The exhortation has three parts:

- Part 1 discusses the history of Catholicism's Marian devotions, as well as their rationale.
- Part 2 guidelines for Devotion to the Blessed Virgin
- Part 3 touches on the Angelus and the Rosary prayers.

Marialis Cultus gives guidelines for devotions to Mary by the Church – that is, it attempts to make sure that all Marian liturgical celebrations and public expressions of devotion align with established doctrine. [T]he history of piety shows how 'the various forms of devotion towards the Mother of God that the Church has approved within the limits of wholesome and orthodox doctrine' have developed in harmonious subordination to the worship of Christ." True Marian devotion is always trinitarian, Christocentric, biblical, and ecclesial.

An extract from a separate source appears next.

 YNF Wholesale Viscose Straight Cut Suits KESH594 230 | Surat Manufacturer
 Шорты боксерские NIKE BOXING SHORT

...we consider it opportune to draw attention to certain attitudes of piety which are incorrect. The Second Vatican Council has already authoritatively denounced both the exaggeration of content and form which even falsifies doctrine and likewise the small-mindedness which obscures the figure and mission of Mary... Another deviation is sterile and ephemeral sentimentality, so alien to the spirit of the Gospel that demands persevering and practical action. We reaffirm the Council's reprobation of such attitudes and practices. They are not in harmony with the Catholic Faith and therefore they must have no place in Catholic worship...

It is generally recognized that there are three elements in devotion to Mary: veneration, invocation, or calling upon her for her motherly and queenly intercession, and imitation. The exhortation noted that every element of the church's prayer life, including Marian devotions, should draw its inspiration from the Bible and harmonize with the liturgy.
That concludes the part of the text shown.